Sans que j’eusse réfléchi, mes pieds s’arrêtèrent, je restai immobile, regardant devant moi, au loin, auprès, tout à l’entour.

Mais bientôt mes yeux se fixèrent sur un point : la rivière et les navires qui la couvraient.

En effet, il se produisait là un mouvement confus qui m’intéressait d’autant plus fortement que je n’y comprenais absolument rien.

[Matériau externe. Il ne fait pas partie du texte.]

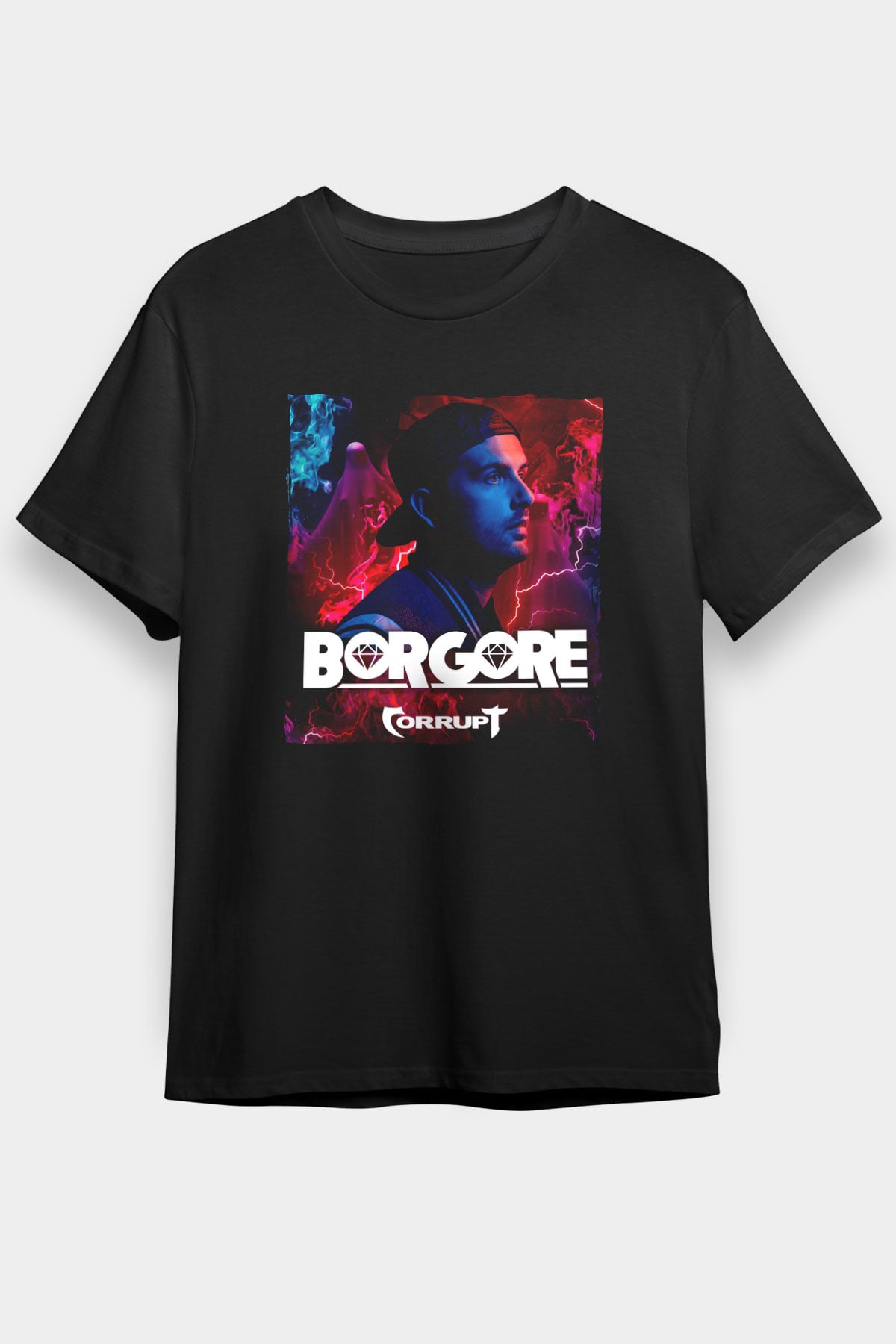 Borgore Siyah Unisex Tişört T-Shirt - TişörtFabrikası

Des navires, leurs voiles déployées, descendaient la rivière légèrement inclinés sur un côté, d’autres la remontaient ; il y en avait qui restaient immobiles comme des îles, et il y en avait aussi qui tournaient sur eux-mêmes sans qu’on vît ce qui les faisait tourner ; enfin il y en avait encore qui, sans mâture, sans voilure, mais avec une cheminée qui déroulait dans le ciel des tourbillons de fumée, se mouvaient rapidement, allant en tous sens et laissant derrière eux, sur l’eau jaunâtre, des sillons d’écume blanche.

— C’est l’heure de la marée, me dit Vitalis, répondant sans que je l’eusse interrogé, à mon étonnement ; il y a des navires qui arrivent de la pleine mer, après de longs voyages : ce sont ceux dont la peinture est salie et qui sont comme rouillés ; il y en a d’autres qui quittent le port ; ceux que tu vois au milieu de la rivière, tourner sur eux-mêmes, évitent sur leurs ancres de manière à présenter leur proue au flot montant. Ceux qui courent enveloppés dans des nuages de fumée sont des remorqueurs.